I FINALLY took my CCIE Routing and Switching written exam today. I had put off taking the exam for so long (I think that my original planned date was in July of last year). Since I’ve been spending a minimal amount of time on the CLI as I review the IEATC lessons again, I figured that this was a good time to get the written out of the way. I scheduled the test for noon today and took the day off of work.
I spent about 6 hours last night, and another 3 this morning reviewing my IEATC notes and going over some stuff in the CCIE Routing and Switching Exam Certification Guide (3rd Edition). This is the least amount of time I’ve ever studied for a certification exam. Except that it’s not. I consider the fact that I have been studying for the lab for nearly a year (can it really be that long?) to be studying for the written by proxy.

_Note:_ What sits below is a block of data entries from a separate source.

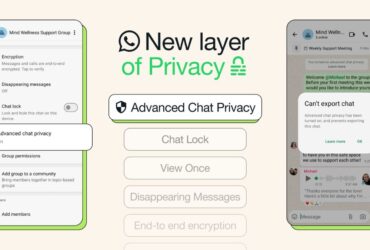 WhatsApp برای محدود کردن صادرات چت ، بارگیری رسانه ها و استفاده از هوش مصنوعی ، "حریم خصوصی چت پیشرفته" را شروع می کند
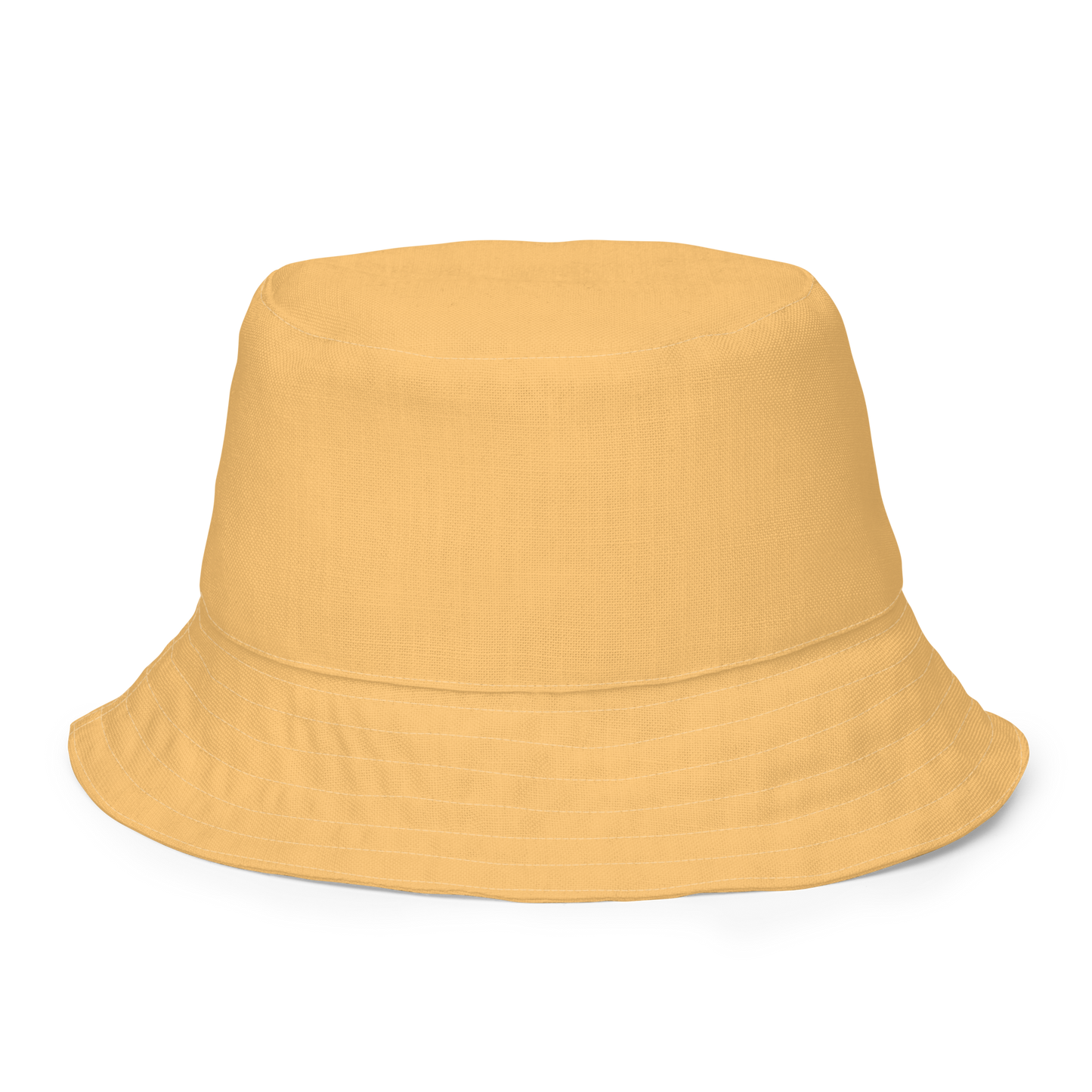 Michigan Upper Peninsula Bucket Hat (w/ Navy UP Outline) | Reversible - Apricot Color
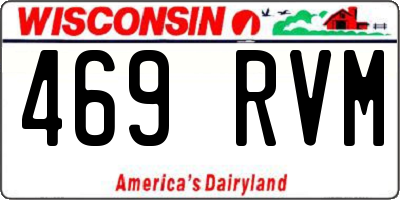 WI license plate 469RVM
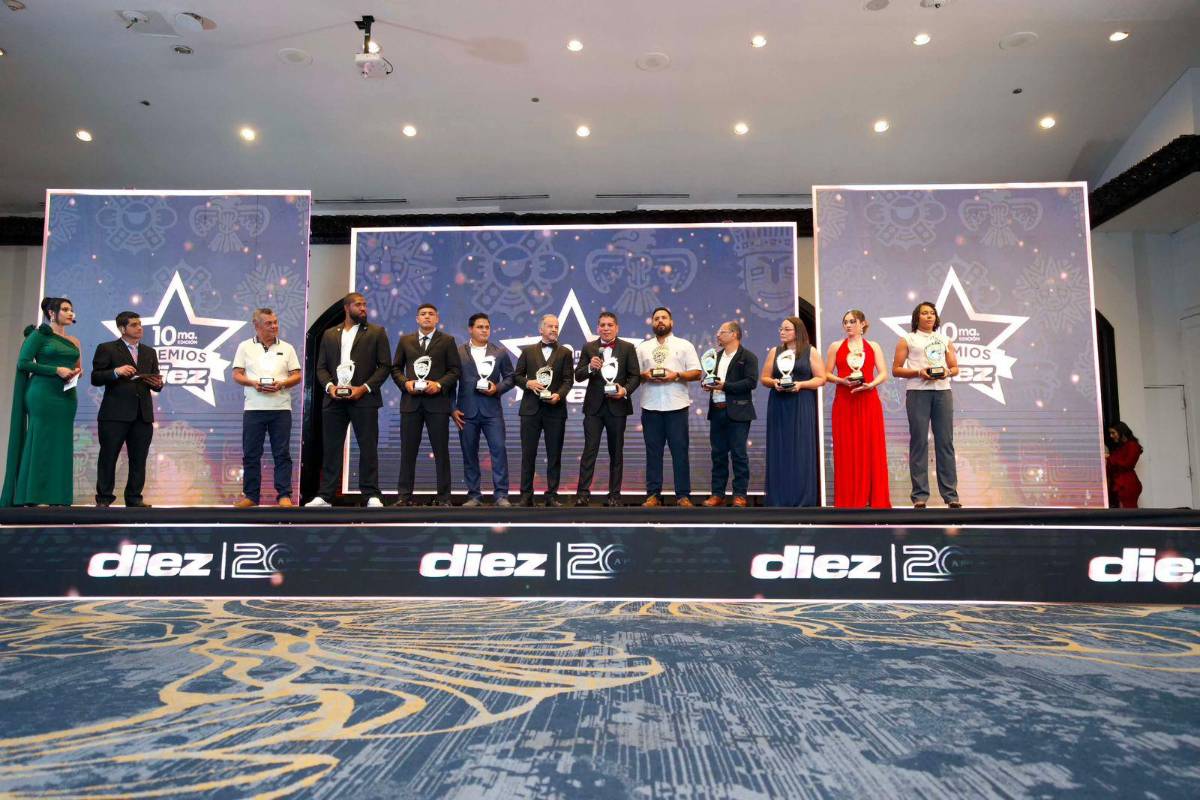 Premios Diez fue una locura: estos son los atletas hondureños que ganaron en la categoría 10 de DIEZ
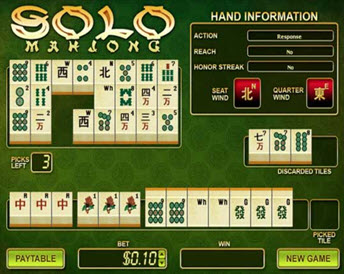 Japanese Solo Mahjong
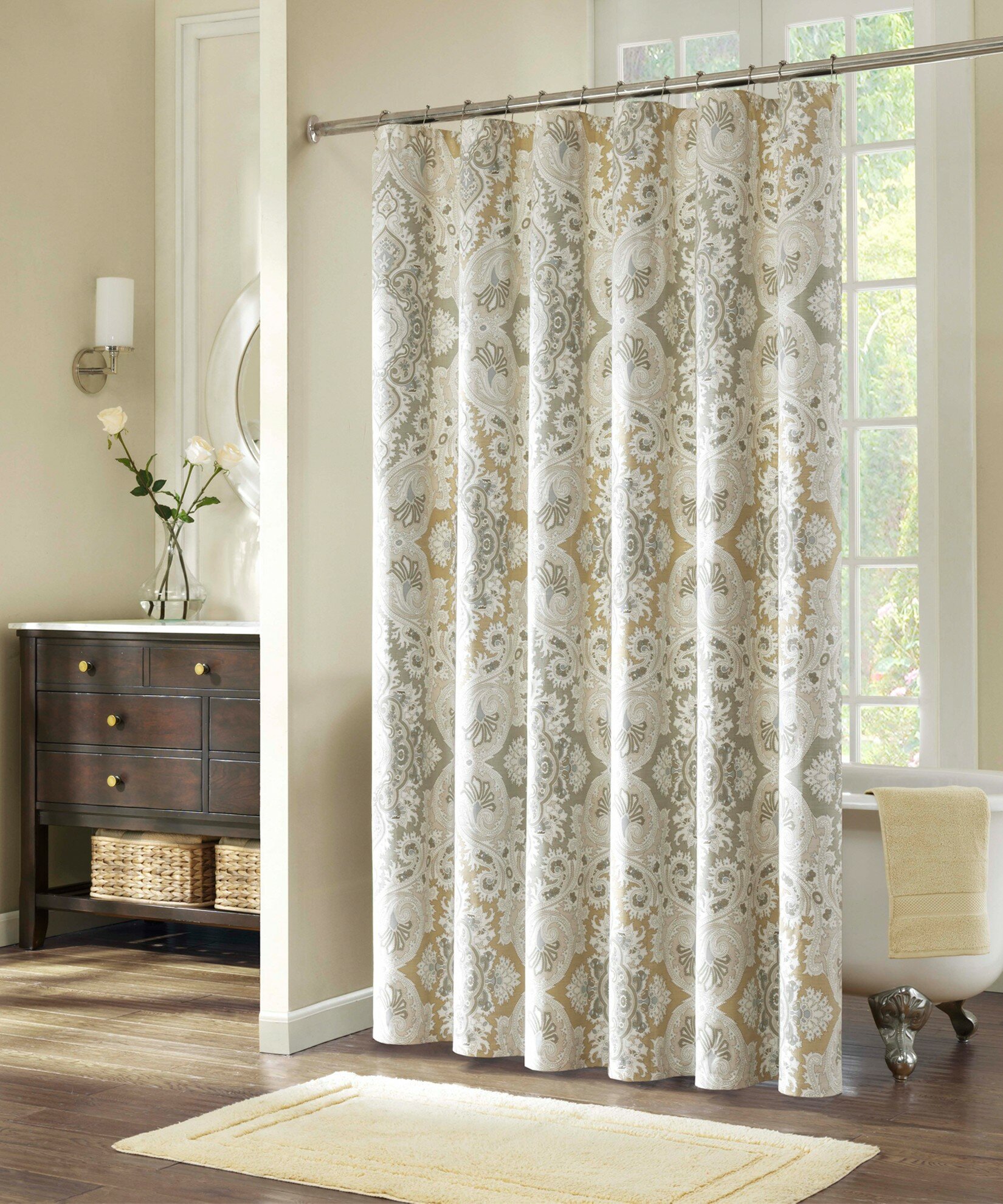 96 Long Shower Curtain | Ikea Shower Curtain | Narrow Shower Curtain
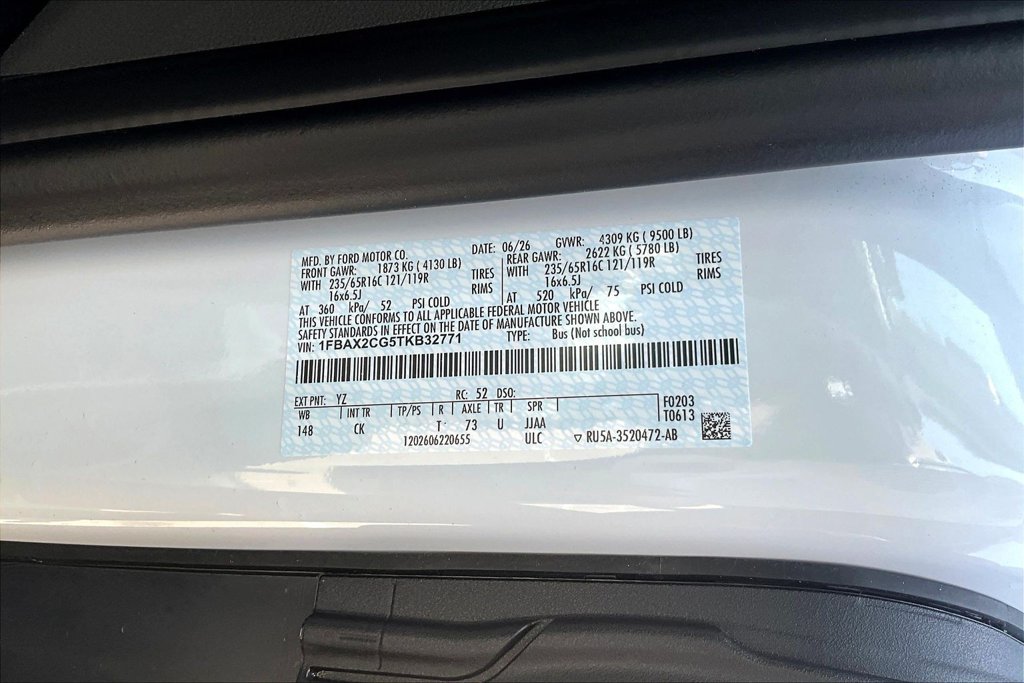 New 2026 Ford Transit 350 XL RWD image 12
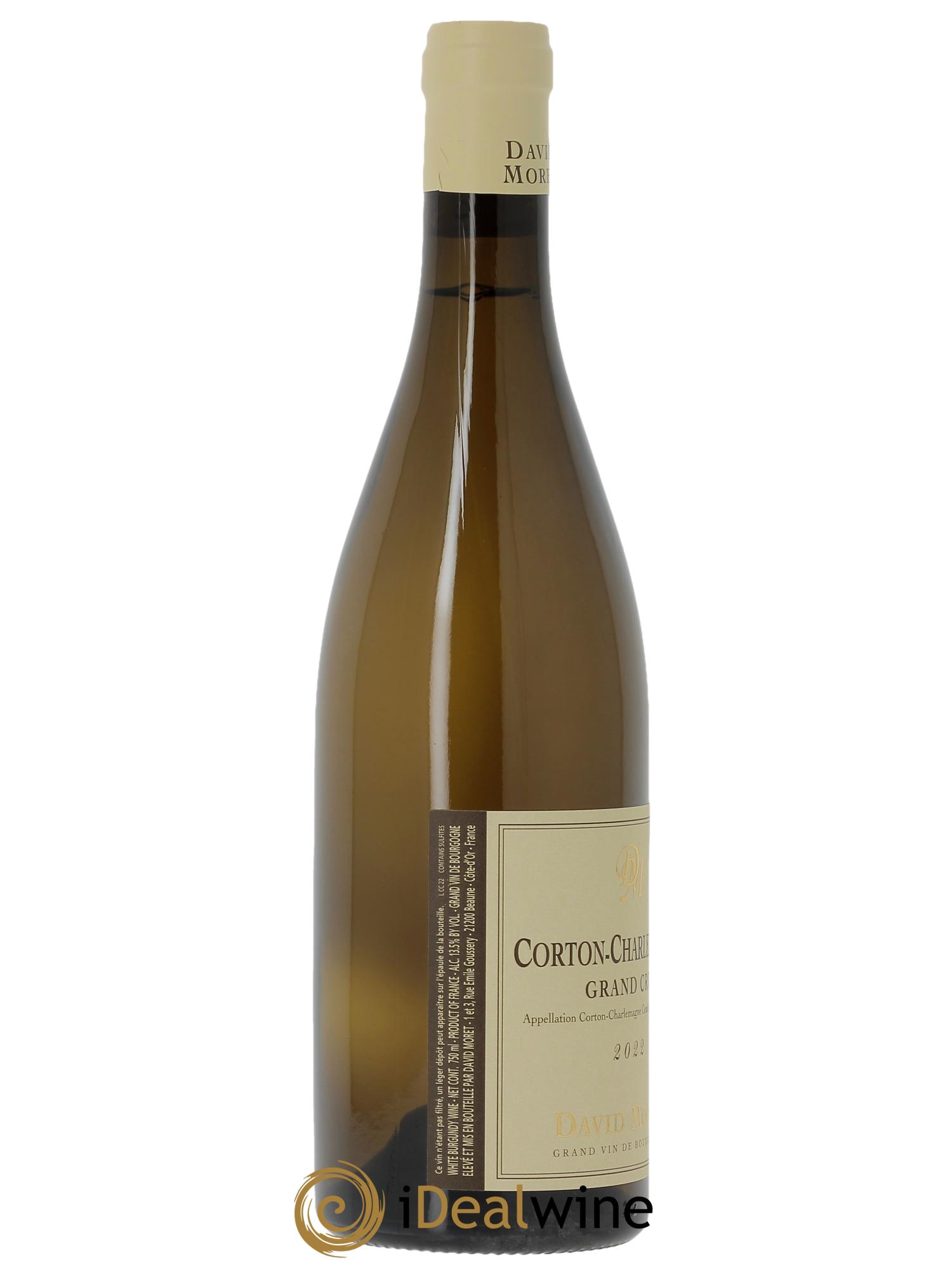 Corton-Charlemagne Grand Cru David Moret (Domaine) 2022 - Lot de 1 bouteille - 1
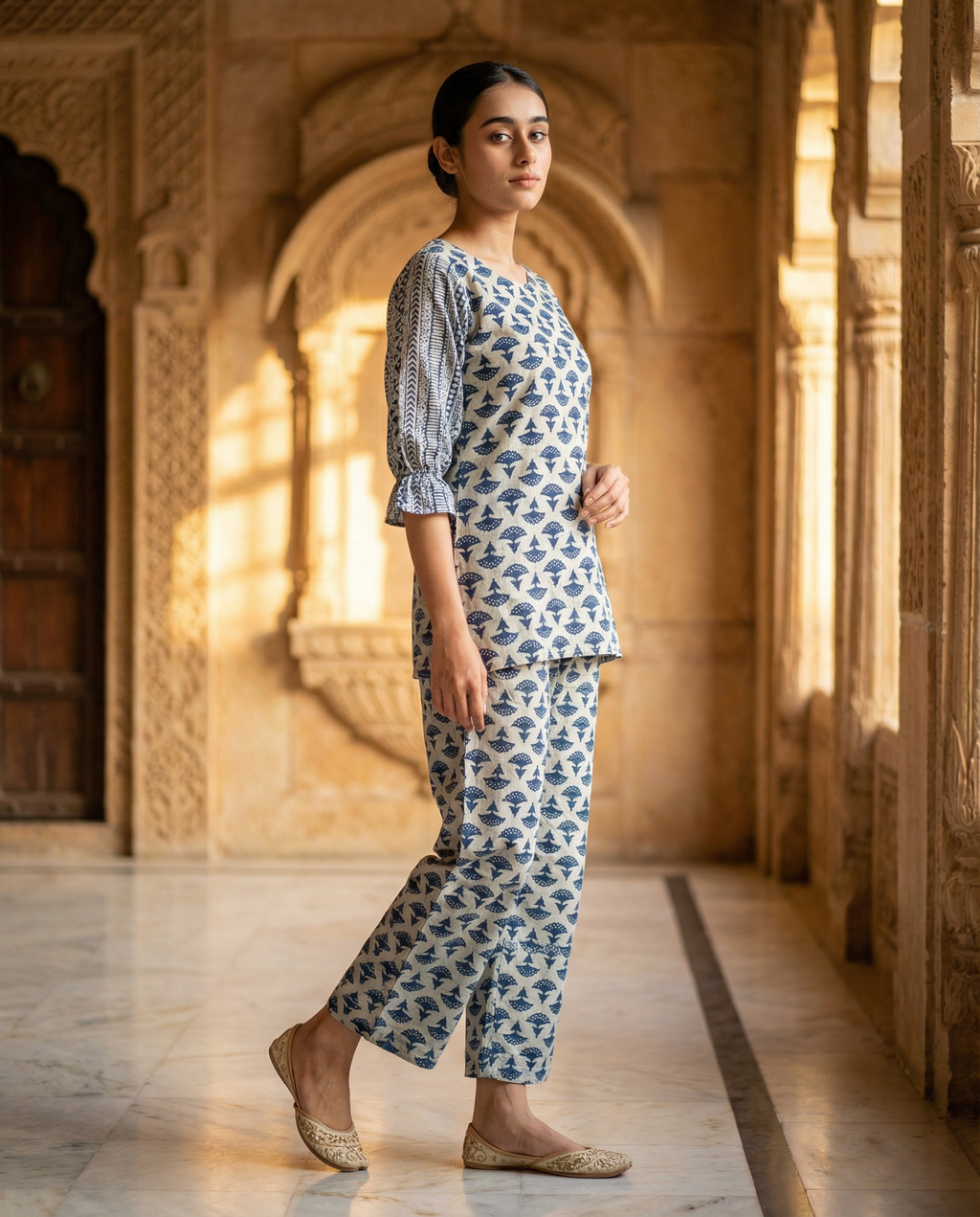Floral Indigo Co ord Set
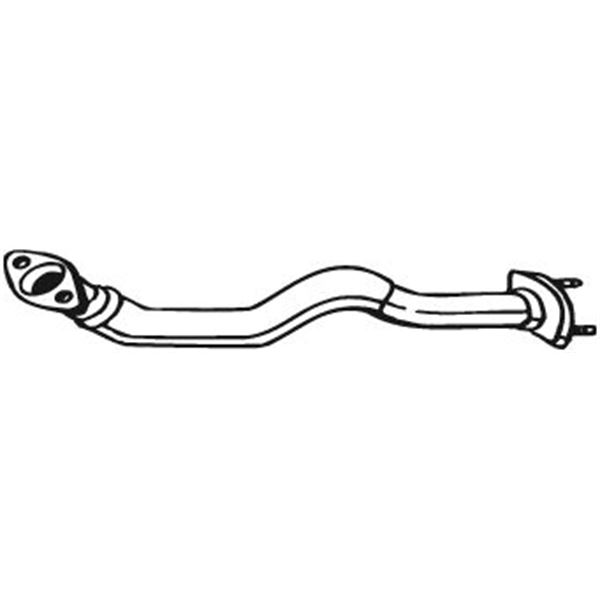 1 tuyau d'échappement Bosal 801131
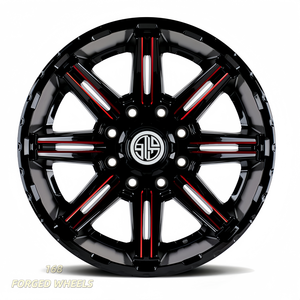 168 Rines Deportivos Personalizados de Aleación de Aluminio Cóncavos y Profundos para Todoterreno 4x4, Negros y Rojos, 6x139.7 6x135 5x108 para Gladiator <span class=keywords><strong>Agera</strong></span> Regera - Product Image 1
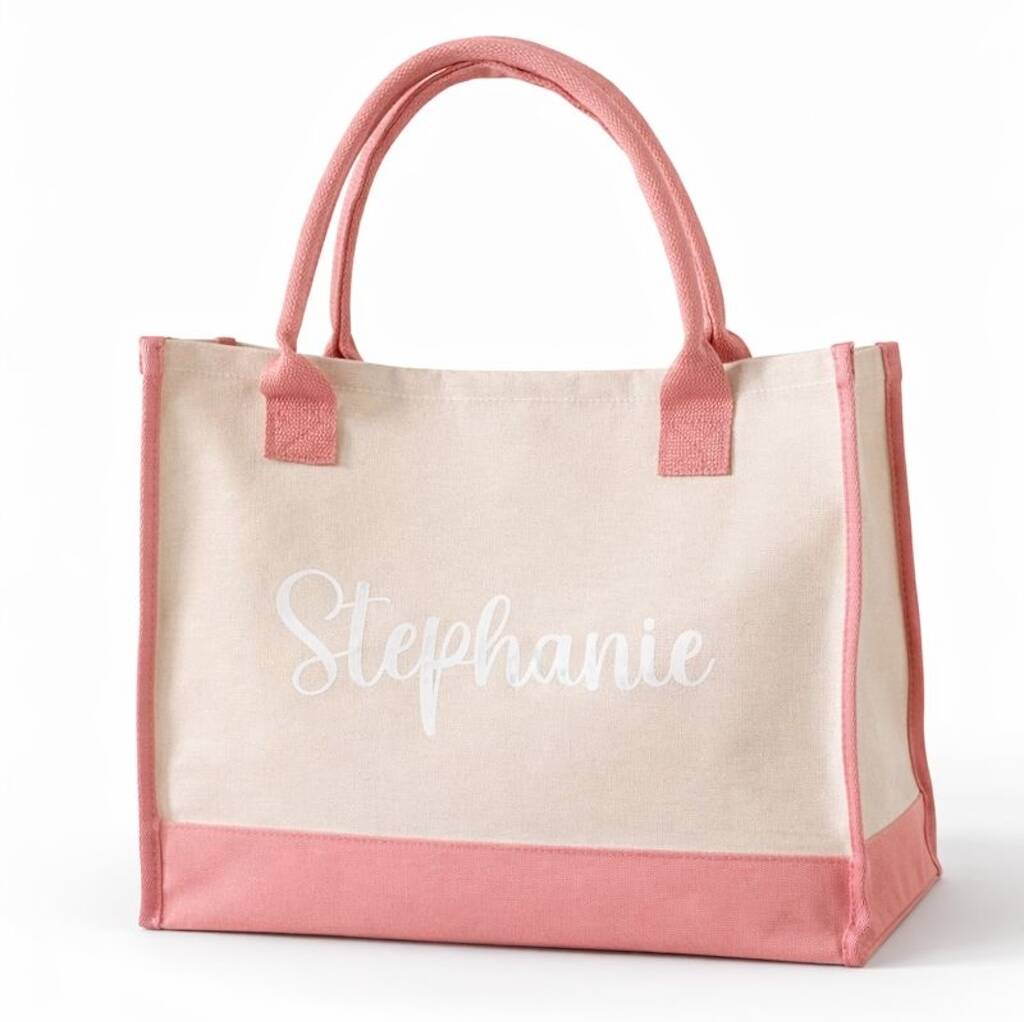 Personalised Heidi Canvas Beach Shoulder Tote Bag, 1 of 4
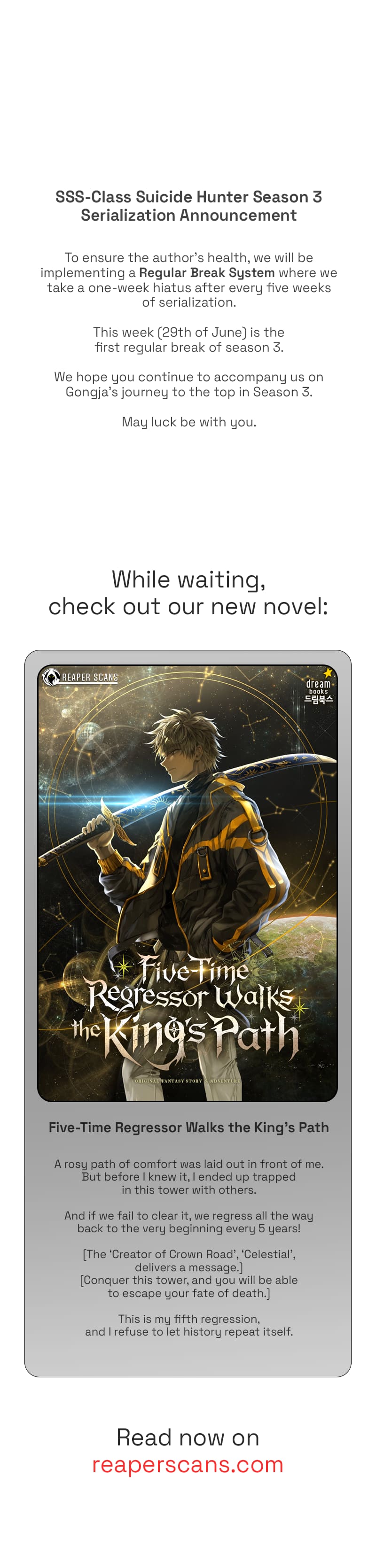 Read SSS-Class Revival Hunter Manga Online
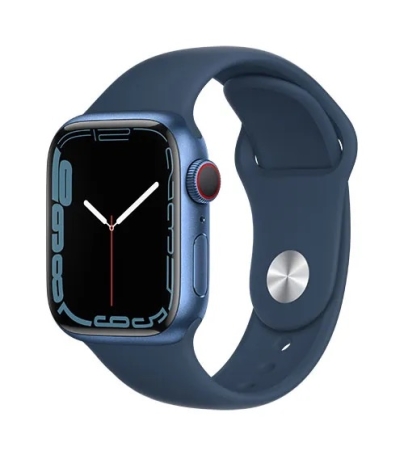 Apple Watch S7 (GPS) 45mm Viền nhôm Dây cao su - Chính hãng Apple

Since Vue is now the only testing center that Cisco uses and because I now live 30 miles from the nearest testing center; I had to take the test at an unfamiliar test center and I got lost. I had Googled the location and printed out the map before I left. I thought it a bit odd that the center was south of where I thought that it should be, but who am I to question Google? I ended up having to call the center and a very nice young lady played GPS for me. I was about 10 minutes late and a little flustered by the time I got to the center. I was silently cursing Google maps. As it turned out, I had cut and pasted the address into Google maps, but only the last line containing the suburb and the zip code had survived that procedure. So Google directed me to the middle of Golden Valley as it was instructed. I was in too much of a hurry to get out the door to notice. ID10T error. 🙂
The testing center consisted of a single PC on a round table in a small room. Sweet! No other candidates to bother me and I had a ton of space. They also gave me a 2 foot by 2 foot white board and a marker (not dry erase) and eraser. This was much better than the grease pencil and laminated paper I was used to getting. Plus if I bombed the test I could still get high off of the marker fumes.
I took a deep breath and started the exam. And I mean STARTED the exam. I’m used to answering a long questionnaire before Cisco exams. This exam asked me if I was 18 or older and then presented the EULA/NDA. That was it. It took me a second or two to realize that I was looking at the first question and that time was ticking away.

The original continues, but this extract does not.